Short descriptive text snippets

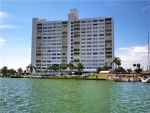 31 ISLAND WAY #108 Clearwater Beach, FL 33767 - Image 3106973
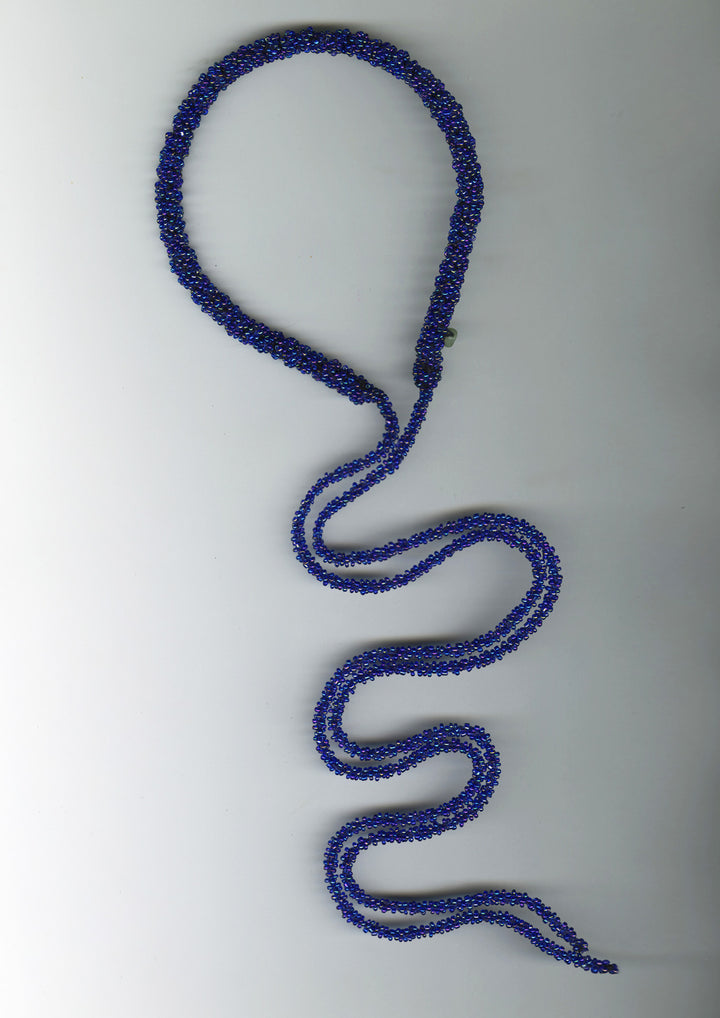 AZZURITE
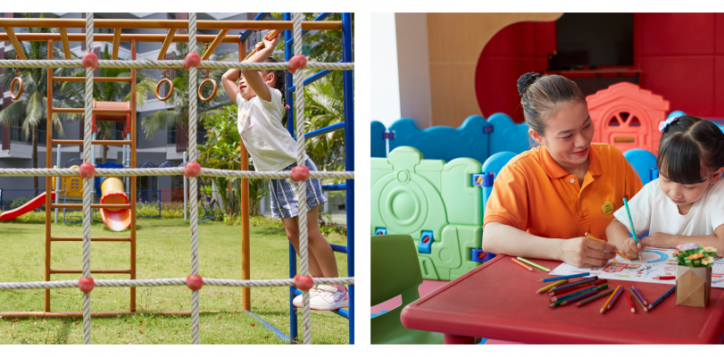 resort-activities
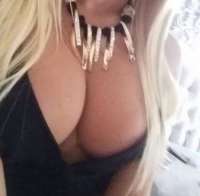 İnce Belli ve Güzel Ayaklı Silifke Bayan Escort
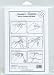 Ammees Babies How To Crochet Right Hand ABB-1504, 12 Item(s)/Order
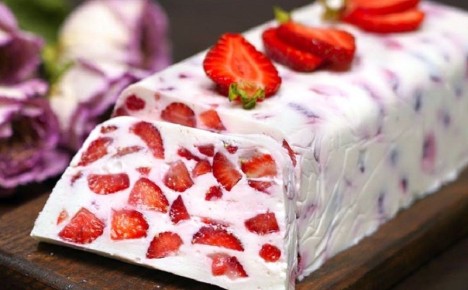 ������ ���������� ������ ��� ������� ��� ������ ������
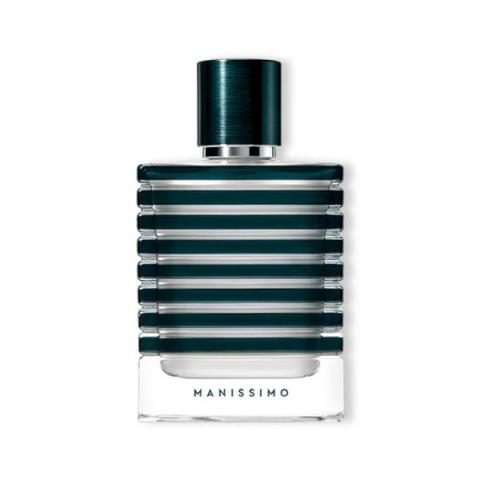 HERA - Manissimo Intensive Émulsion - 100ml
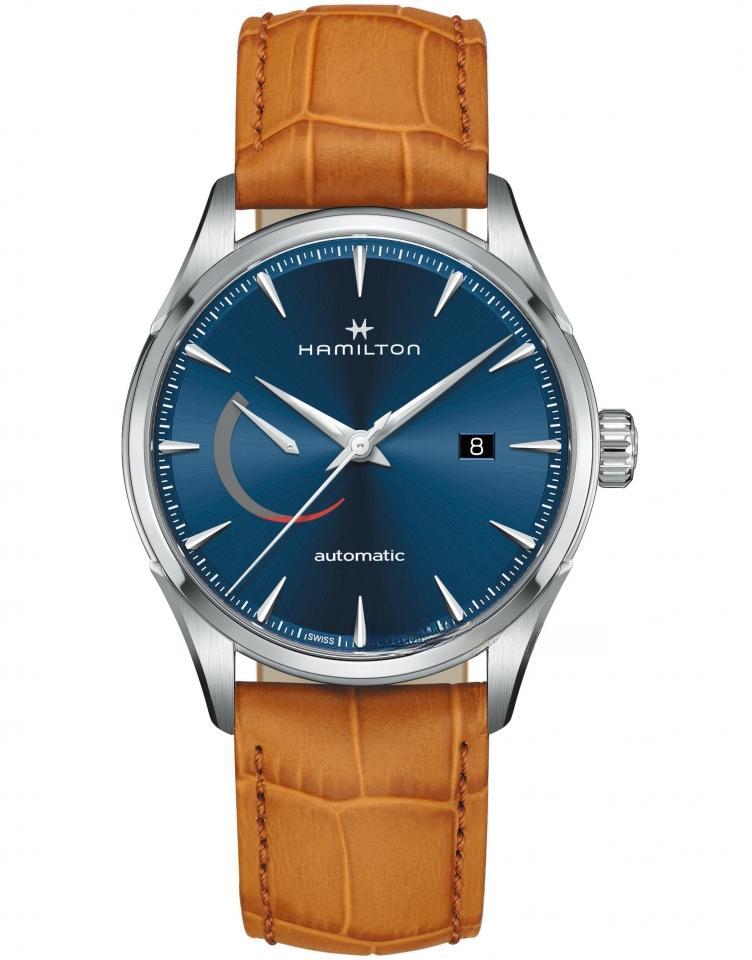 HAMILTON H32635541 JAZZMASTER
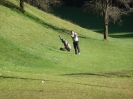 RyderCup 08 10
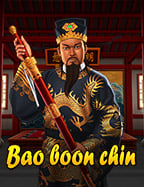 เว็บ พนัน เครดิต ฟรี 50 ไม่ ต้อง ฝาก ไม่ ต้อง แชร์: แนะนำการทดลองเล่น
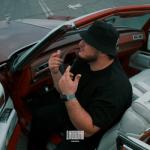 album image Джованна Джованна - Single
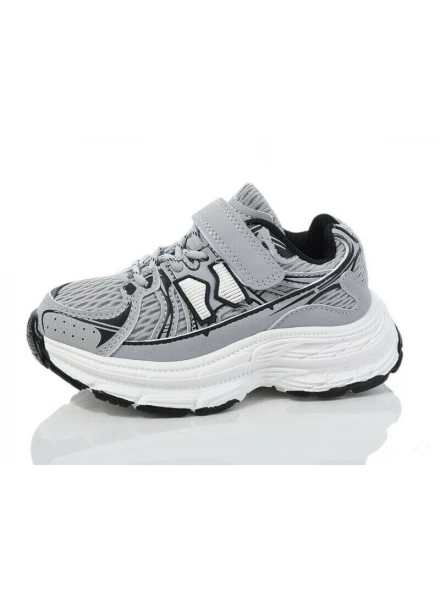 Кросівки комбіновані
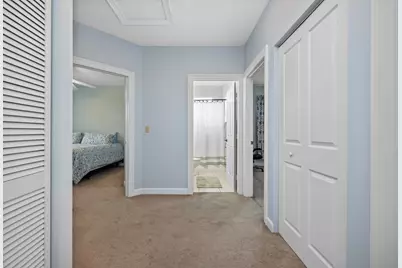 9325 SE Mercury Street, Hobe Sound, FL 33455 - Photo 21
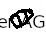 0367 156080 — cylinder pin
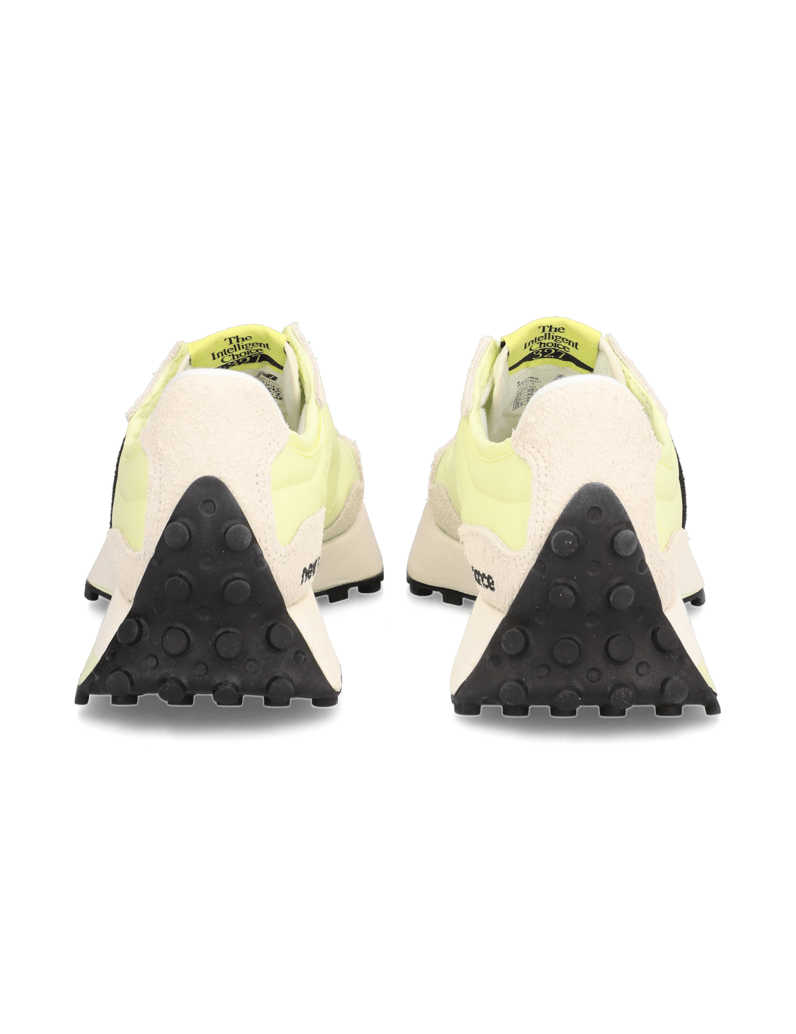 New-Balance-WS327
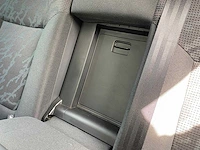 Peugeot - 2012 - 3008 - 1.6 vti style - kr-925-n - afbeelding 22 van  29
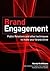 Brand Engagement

▸ **Exercise**: Output every line above exactly as it stands, and drop any picture.

▸ **Problem solution**:
 31 ISLAND WAY #108 Clearwater Beach, FL 33767 - Image 3106973
 AZZURITE
 resort-activities
 İnce Belli ve Güzel Ayaklı Silifke Bayan Escort
 Ammees Babies How To Crochet Right Hand ABB-1504, 12 Item(s)/Order
 ������ ���������� ������ ��� ������� ��� ������ ������
 HERA - Manissimo Intensive Émulsion - 100ml
 HAMILTON H32635541 JAZZMASTER
 RyderCup 08 10
 เว็บ พนัน เครดิต ฟรี 50 ไม่ ต้อง ฝาก ไม่ ต้อง แชร์: แนะนำการทดลองเล่น
 album image Джованна Джованна - Single
 Кросівки комбіновані
 9325 SE Mercury Street, Hobe Sound, FL 33455 - Photo 21
 0367 156080 — cylinder pin
 New-Balance-WS327
 Peugeot - 2012 - 3008 - 1.6 vti style - kr-925-n - afbeelding 22 van  29
 Brand Engagement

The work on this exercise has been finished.